(Dataset items)
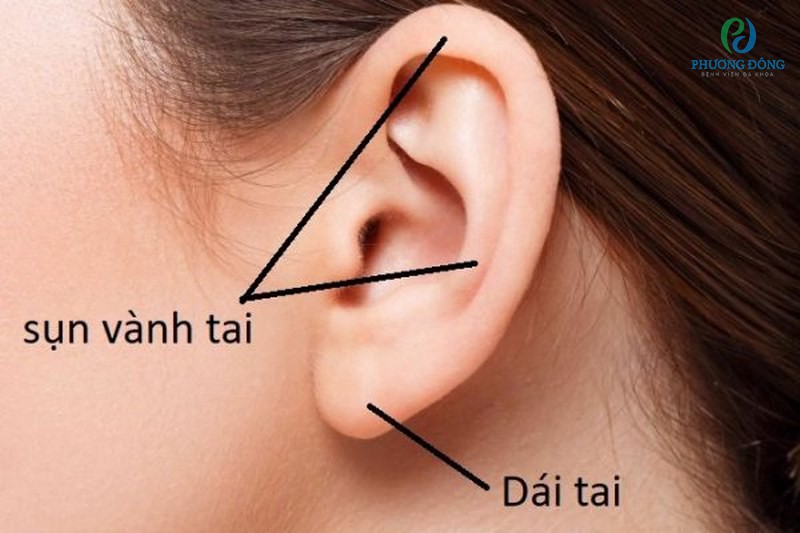 Người bệnh cần vệ sinh tai sạch sẽ và bảo vệ tai trong các hoạt động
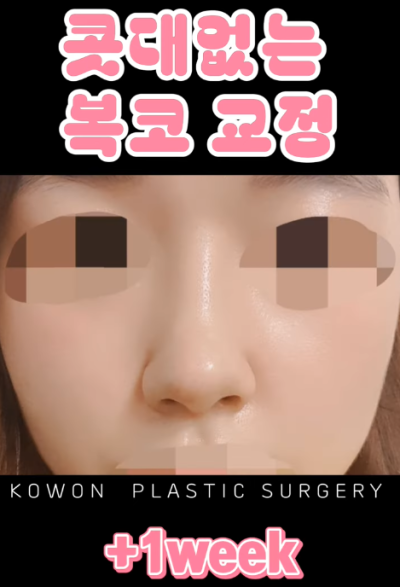 매부리코, 퍼진코 비순각 코수술 후 매끄러워진 콧대 라인! 사진 11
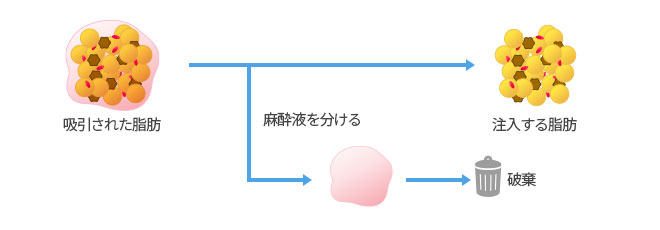 従来の脂肪注入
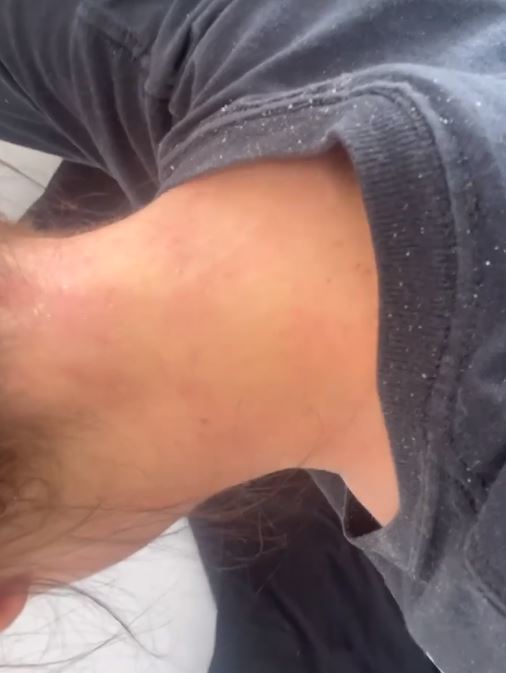 The actress showed the sore wounds on her neck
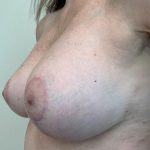 Breast Lift With Implant Exchange Before & After Patient #2499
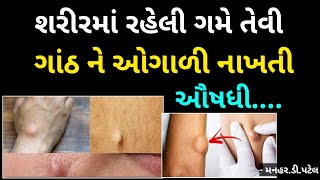 શરીર માં રહેલી ગમે તેવી ગાંઠ ને ઓગળી નાખતી ઔષધી 💯 ManharDPatel [upl. by Melas]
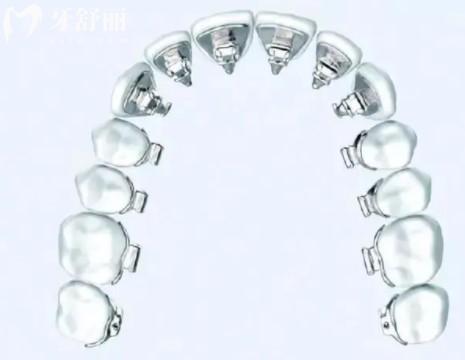 廣州牙齒矯正多少錢價格表2023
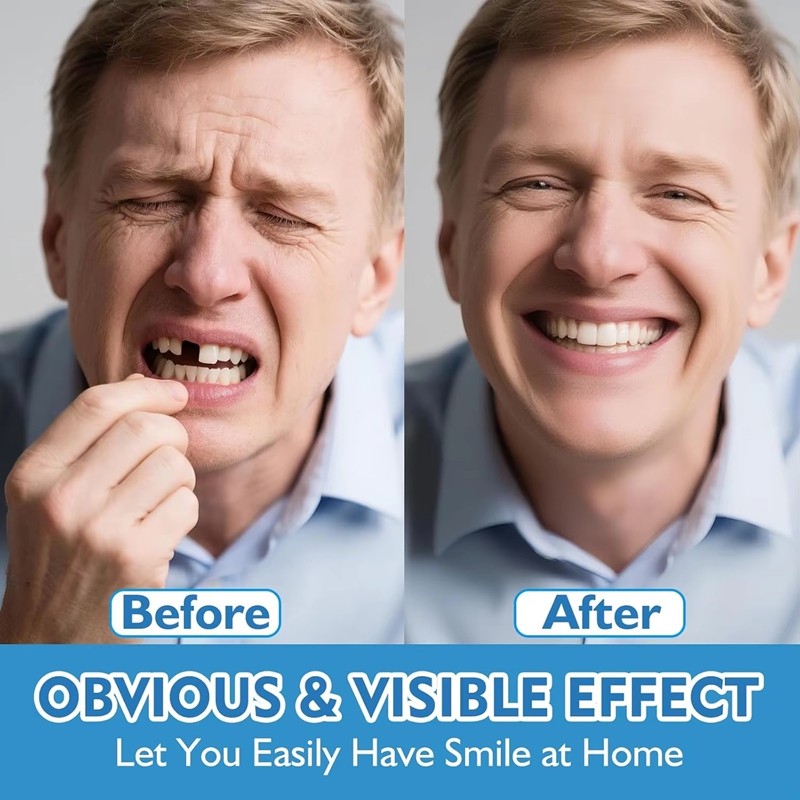 Full Set Silicone Dentures Upp - Teeth Whitening Instant review and price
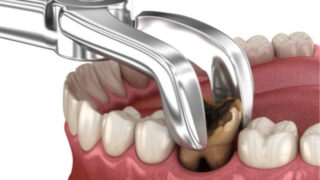 Tooth Extraction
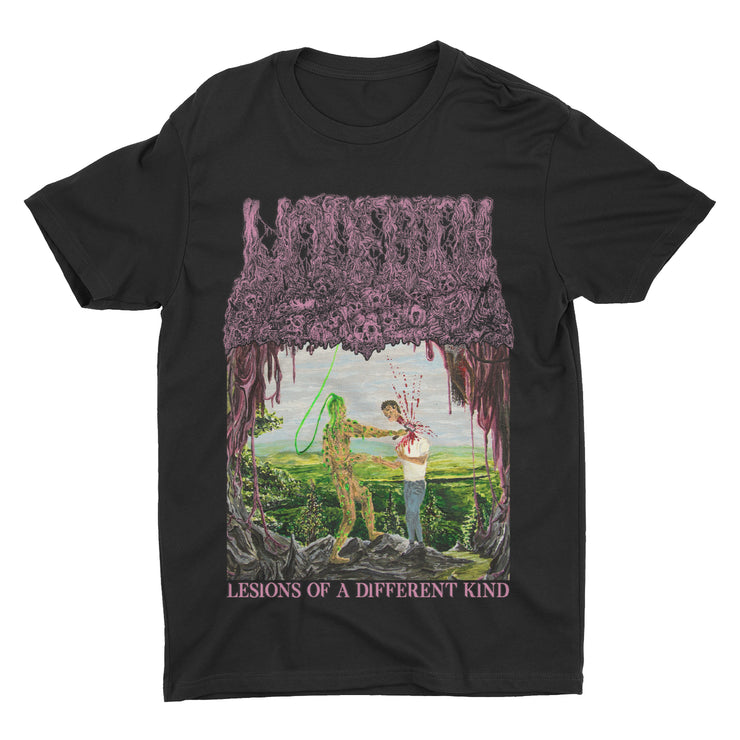 Undeath - Lesions Of A Different Kind t-shirt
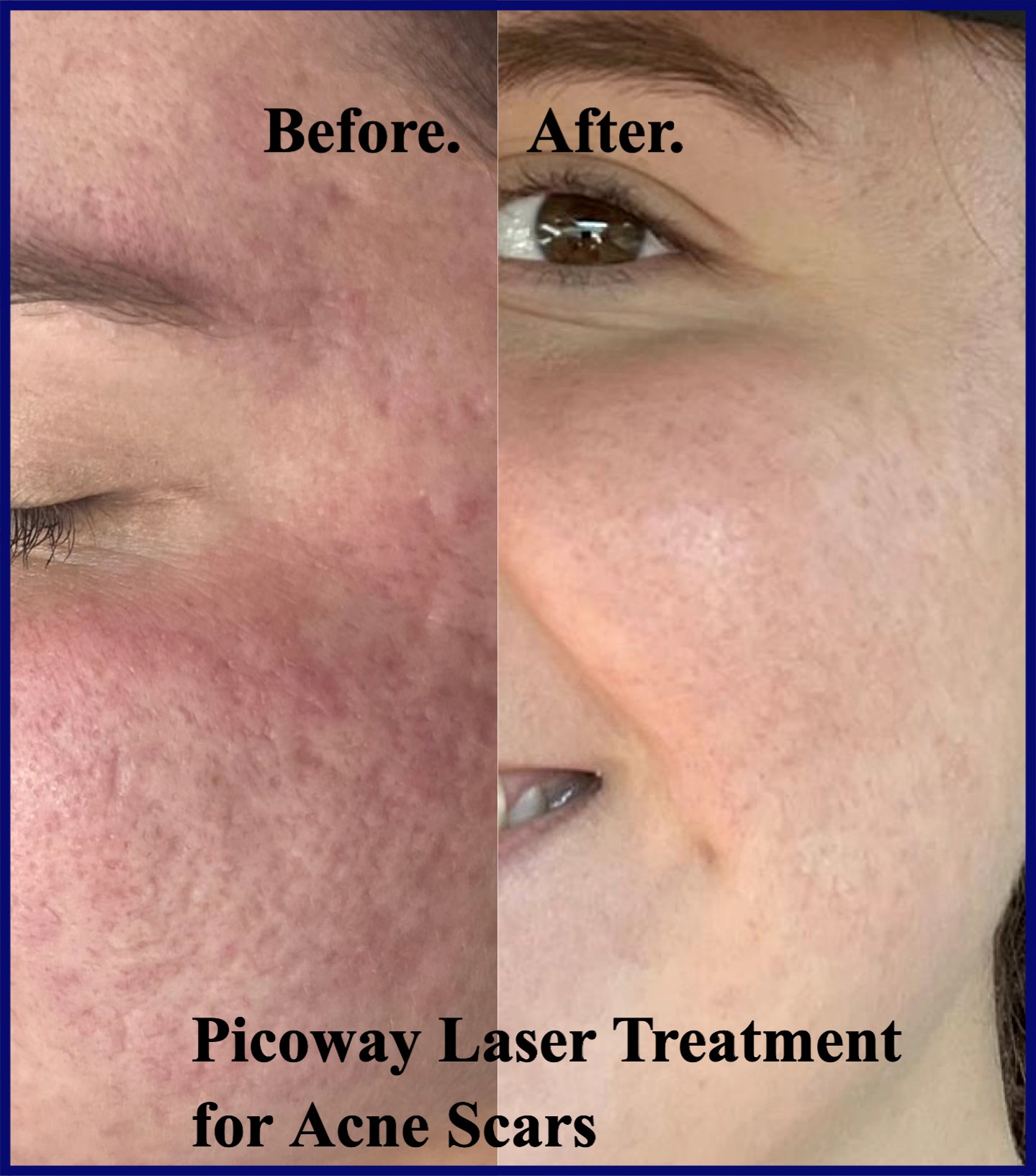 PicoWay Before & After Image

Work to be completed: From the line with "廣州牙齒矯正多少錢價格表2023" down to the final line of the entries above, repeat each line exactly; omit the pictures.

Exercise answer:
 廣州牙齒矯正多少錢價格表2023
 Full Set Silicone Dentures Upp - Teeth Whitening Instant review and price
 Tooth Extraction
 Undeath - Lesions Of A Different Kind t-shirt
 PicoWay Before & After Image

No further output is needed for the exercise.